I Comet is Coming sono la terza anima di Shabaka, quella invece contemporanea ed elettronica, l’unico dei tre progetti in cui lui non figura come frontman, anzi è l’ultimo arrivato nel trio e lo si vede da come si comporta sul palco del Santeria di Milano, in uno dei due concerti italiani organizzati dal Jazz: Re Found dopo l’uscita a marzo di Trust In The Lifeforce of The Deep Mistery. Il leader del gruppo, quello al centro della scena, è Dan “Danalogue” Leavers: è lui che, sovrapponendo i suoi synth ed i bassi alla batteria di Max Hallett, crea il peculiare punto di incontro tra rock psichedelico, nu jazz e un’attitudine particolarmente tamarra, quasi techno, palesata fin dalla canottiera da raver in botta con cui si presenta sul palco. Leavers è anche quello che prende il microfono per parlare nelle due brevi interruzioni in mezzo all’esibizione agonistica dei Comet is Coming per ricordarci, tra un sermone allucinato e un altro sui “confini che esistono solo nella nostra testa” e un altro sull’unità tra esseri umani, che la Brexit fa schifo anche a loro, nel caso avessimo avuto dei dubbi. Shabaka sta sul lato, defilato e sorridente, con uno spazio di qualche chilometro tra gli incisivi che fa subito simpatia, nonostante la forza bruta che spara dentro il sax. Non è qui per lo spoken word politico caratteristico di alcuni pezzi dei Sons Of Kemet, ma solo per fare sviaggiare il pubblico che affolla la venue di Milano con i suoi assoli sopra basi sintetiche e pulsanti, e soprattutto con temi epici che entrano nella testa dopo pochi secondi di ascolto, come quelli di Summon The Fire e Birth Of Creation, dall’ultimo album.

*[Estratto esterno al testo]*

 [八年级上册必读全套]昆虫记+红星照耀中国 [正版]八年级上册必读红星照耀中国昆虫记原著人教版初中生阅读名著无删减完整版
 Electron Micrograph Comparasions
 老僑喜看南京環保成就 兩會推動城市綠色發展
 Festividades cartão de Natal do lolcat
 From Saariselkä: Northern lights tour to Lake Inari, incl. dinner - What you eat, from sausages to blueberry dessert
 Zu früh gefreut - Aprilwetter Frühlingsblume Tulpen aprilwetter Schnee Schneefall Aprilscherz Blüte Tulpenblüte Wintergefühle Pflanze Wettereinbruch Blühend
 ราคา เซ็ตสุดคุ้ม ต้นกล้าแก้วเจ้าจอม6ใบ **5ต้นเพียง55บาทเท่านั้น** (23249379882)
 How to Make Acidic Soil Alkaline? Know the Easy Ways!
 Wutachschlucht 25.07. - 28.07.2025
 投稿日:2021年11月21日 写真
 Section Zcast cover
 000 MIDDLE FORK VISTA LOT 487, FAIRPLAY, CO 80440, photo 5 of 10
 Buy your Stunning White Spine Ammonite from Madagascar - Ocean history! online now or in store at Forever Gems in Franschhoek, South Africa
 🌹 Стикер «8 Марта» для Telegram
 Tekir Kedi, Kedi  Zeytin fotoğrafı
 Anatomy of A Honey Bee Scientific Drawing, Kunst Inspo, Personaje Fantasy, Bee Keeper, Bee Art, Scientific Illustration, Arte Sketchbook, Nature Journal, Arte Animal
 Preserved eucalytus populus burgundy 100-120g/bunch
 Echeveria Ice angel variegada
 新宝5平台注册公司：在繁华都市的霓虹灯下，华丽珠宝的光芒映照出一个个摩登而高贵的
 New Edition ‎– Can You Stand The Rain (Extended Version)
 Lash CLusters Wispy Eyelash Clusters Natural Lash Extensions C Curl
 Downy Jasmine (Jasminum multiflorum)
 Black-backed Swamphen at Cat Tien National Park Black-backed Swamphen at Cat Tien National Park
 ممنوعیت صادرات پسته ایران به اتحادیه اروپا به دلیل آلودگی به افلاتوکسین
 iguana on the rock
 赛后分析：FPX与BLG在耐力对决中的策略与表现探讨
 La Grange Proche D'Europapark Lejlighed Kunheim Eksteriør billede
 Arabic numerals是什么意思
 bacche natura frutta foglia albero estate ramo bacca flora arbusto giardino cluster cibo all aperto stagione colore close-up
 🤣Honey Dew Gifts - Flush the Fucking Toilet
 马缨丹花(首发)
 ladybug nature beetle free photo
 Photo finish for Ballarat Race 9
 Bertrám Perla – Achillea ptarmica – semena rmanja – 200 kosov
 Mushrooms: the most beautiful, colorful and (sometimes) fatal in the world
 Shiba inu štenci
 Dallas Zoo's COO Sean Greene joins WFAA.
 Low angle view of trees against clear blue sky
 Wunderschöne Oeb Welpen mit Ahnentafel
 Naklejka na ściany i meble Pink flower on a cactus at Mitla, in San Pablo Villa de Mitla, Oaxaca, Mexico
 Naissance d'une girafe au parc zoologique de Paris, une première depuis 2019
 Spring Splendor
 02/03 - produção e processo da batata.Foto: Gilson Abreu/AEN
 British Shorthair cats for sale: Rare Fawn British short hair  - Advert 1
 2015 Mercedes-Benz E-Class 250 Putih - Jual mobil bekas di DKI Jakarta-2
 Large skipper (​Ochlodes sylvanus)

Di esibizione agonistica si parlava non a caso, perché i tre inglesi si concedono solo due break tecnici in un’ora e mezza di live tiratissimo che affatica in primis, e non certo per noia, gli spettatori. E’ jazz sotto MDMA (forse nel vero senso della parola, a giudicare dalle facce di Danalogue), improvvisazione a suon di anfetamine più vicina ad una discoteca che al conservatorio, e provare a starci dietro da sotto il palco è un’esperienza che sfianca facendoti uscire realmente provato, come se un po’ avessi suonato anche tu. Dopo aver presentato nella quasi totalità l’ultimo album e alcuni estratti dall’altrettanto valido (se non di più, per alcuni) Channel The Spirit del 2016, i Comet is Coming si solo lanciati in più di mezz’ora di jam psichedelica letteralmente senza sosta, una di quelle rare performance musicali così evocative che se distrattamente chiudi gli occhi per qualche secondo vedi la vita che ti passa davanti, lo spirito dei tuoi antenati, il futuro, l’arcobaleno e tutto prende senso per qualche minuto, come sotto l’effetto dell’ipnosi di un medium. Poi finisce il live torni ad essere il solito stronzo che fuma fuori dal Santeria in Viale Toscana, ma ne è valsa la pena, no?

Se i molteplici progetti di Shabaka Hutchings stanno ispirando, come sembra, una nuova generazione di musicisti jazz britannici e non solo (vedesi il gruppo in apertura, i milanesi Studio Murena: bravi!) ben venga, abbiamo bisogno di altre sedute spiritiche.